Later in the evening, Hank, Nick, and a group of other officers investigate the grocery store and find another pit full of human remains under the floor. Later, Castro congratulates Nick and Hank on their work. The two detectives accept her thanks, and give her permission to take over on the case from there. After all, as Hank says to Castro immediately afterward, they're "not the one running for mayor."
Later on, Hank pays a visit to Ferren and reassures him about his mental state; telling him that he believes him about his story, and that he now knows that the world is full of mysterious things that can't be easily explained.

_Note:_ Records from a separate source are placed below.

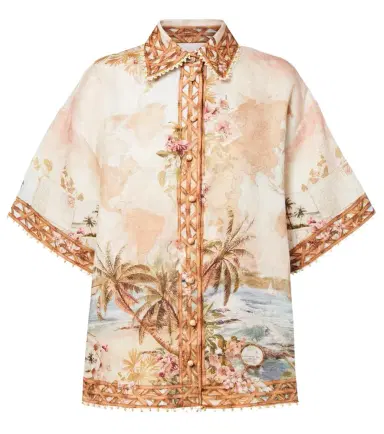 Zimmermann Mahon printed linen bowling shirt | Thumbnail 1 Zimmermann Mahon printed linen bowling shirt | Thumbnail 1
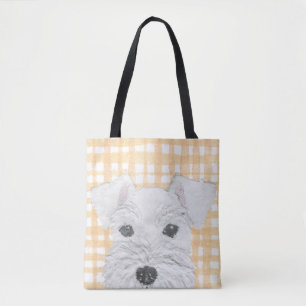 Bolsa Tote Schnauzer, branco, moderno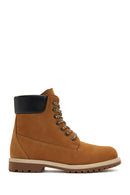 Women's Tan Lace-Up Nubuck Leather Boots | Derimod
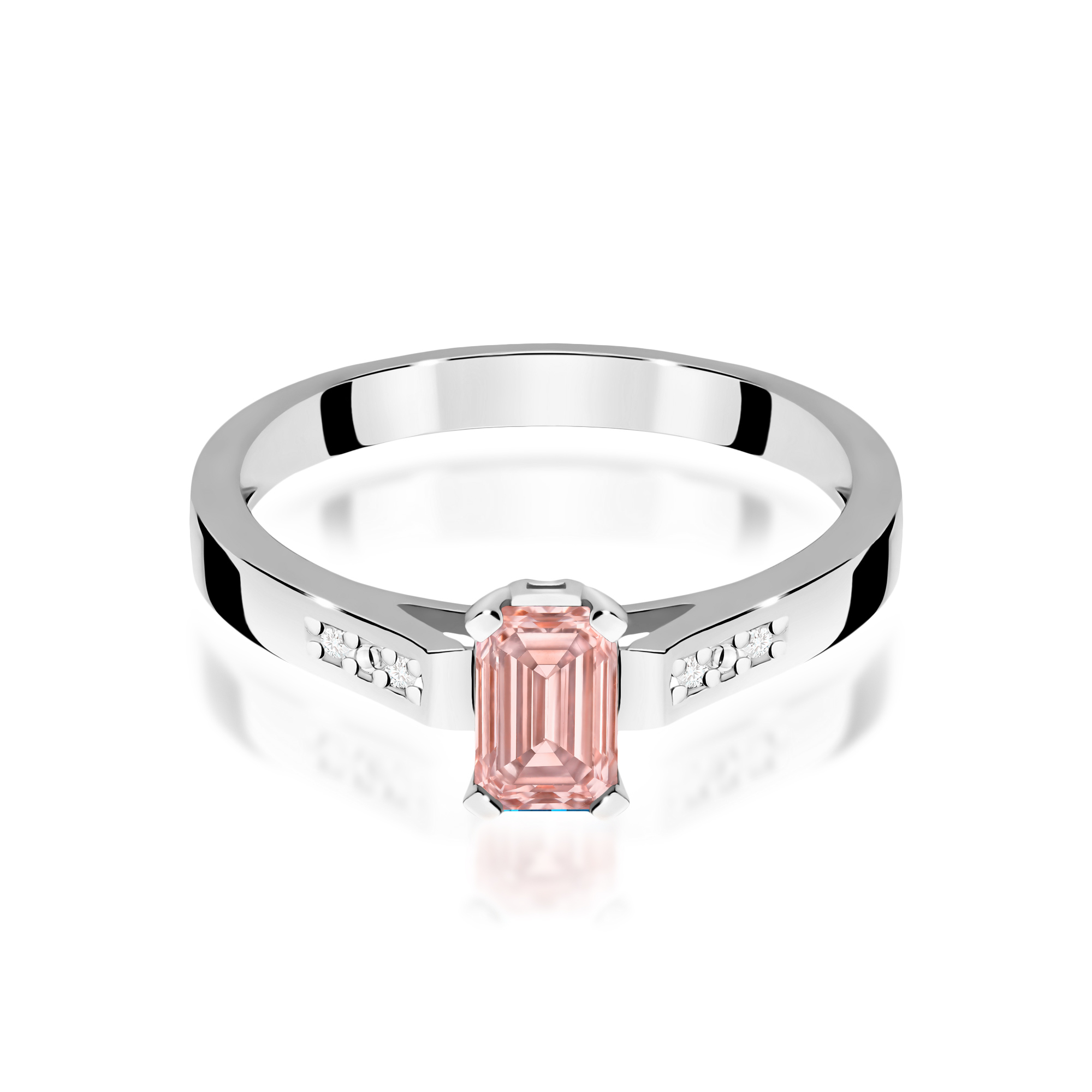 Pierścionek Diament laboratoryjny różowy 0,50ct białe złoto 375 - obrazek 2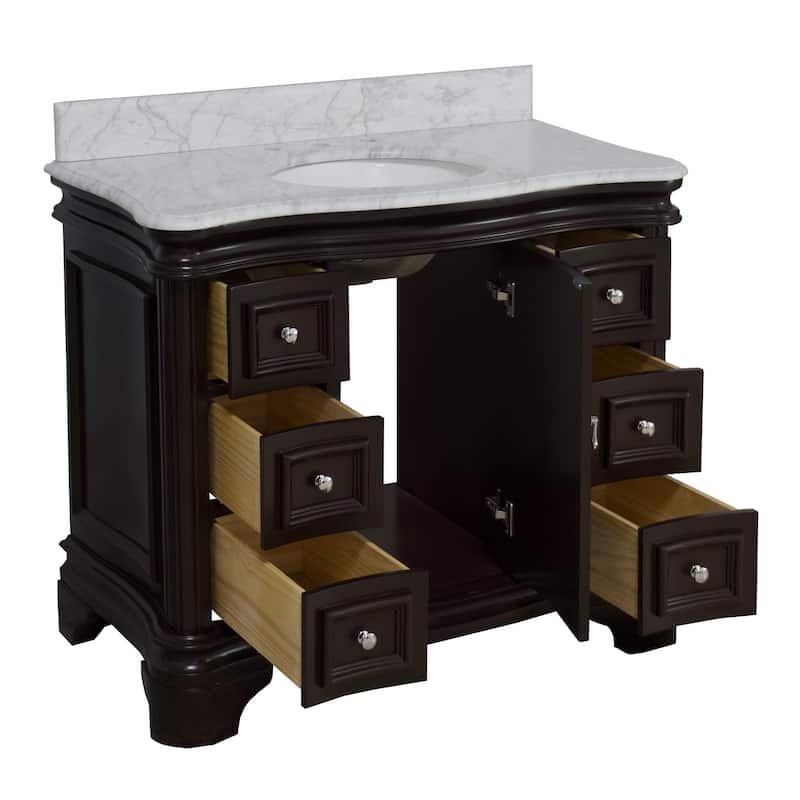 KitchenBathCollection Katherine 42" Bathroom Vanity with Carrara Marble Top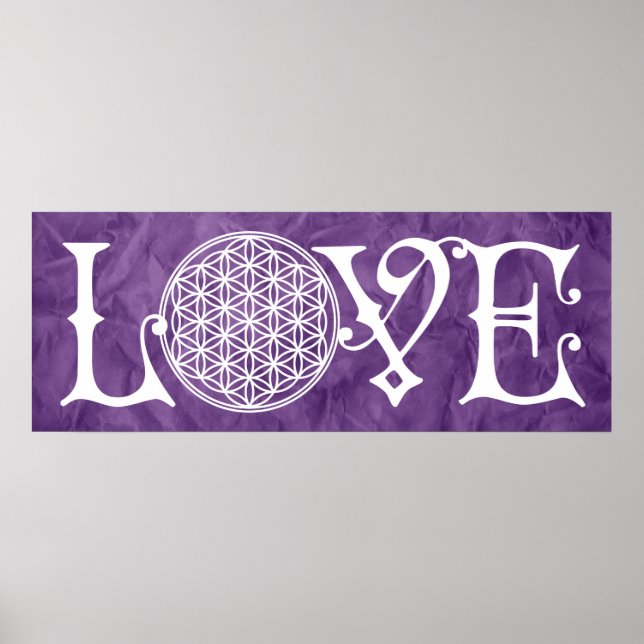 Póster Flor de vida - Tatuaje con letras de amor blanco (Frente)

Meanwhile, Monroe is at the spice shop, and he is surprised when Renard enters with a woman. Monroe, understanding why Renard is there, heads into the back room to prepare. While Monroe is gone, Renard and the woman abruptly embrace and engage in a passionate kiss. Monroe reenters in the middle of this, and minding his manners, looks away. However, when the couple stop kissing and the woman turns her head to look at Monroe, Monroe is shocked to discover that it's Juliette.
HANK’S KNOWLEDGE OF NICK’S WORLD HAS HIM SECOND GUESSING A PAST CASE -- JASON GEDRICK AND LISA VIDAL GUEST STAR -- Hank (Russell Hornsby) starts reflecting on an arrest he made earlier in his career regarding a man (guest star Jason Gedrick) who committed murder claiming “self-defense against monsters.” With the man’s death sentence rapidly approaching and the knowledge he’s recently gathered from Nick (David Giuntoli), Hank begins to wonder if there was more truth to the man’s seemingly absurd story then he once thought. Back at the spice shop, Monroe (Silas Weir Mitchell) finds himself involved in a situation he never saw coming. Bitsie Tulloch, Sasha Roiz and Reggie Lee also star.
- Many among the inmates
- Bree Turner (Rosalee Calvert) makes her first appearance since "The Bottle Imp".
- Footage from "The Hour of Death" is reused (flashback).
- The episode's title is a reference to the police motto "To protect and to serve," along with the Damon Knight short story "To Serve Man," which is equally ambiguous as to whether humanity is the guarded entity or the main course.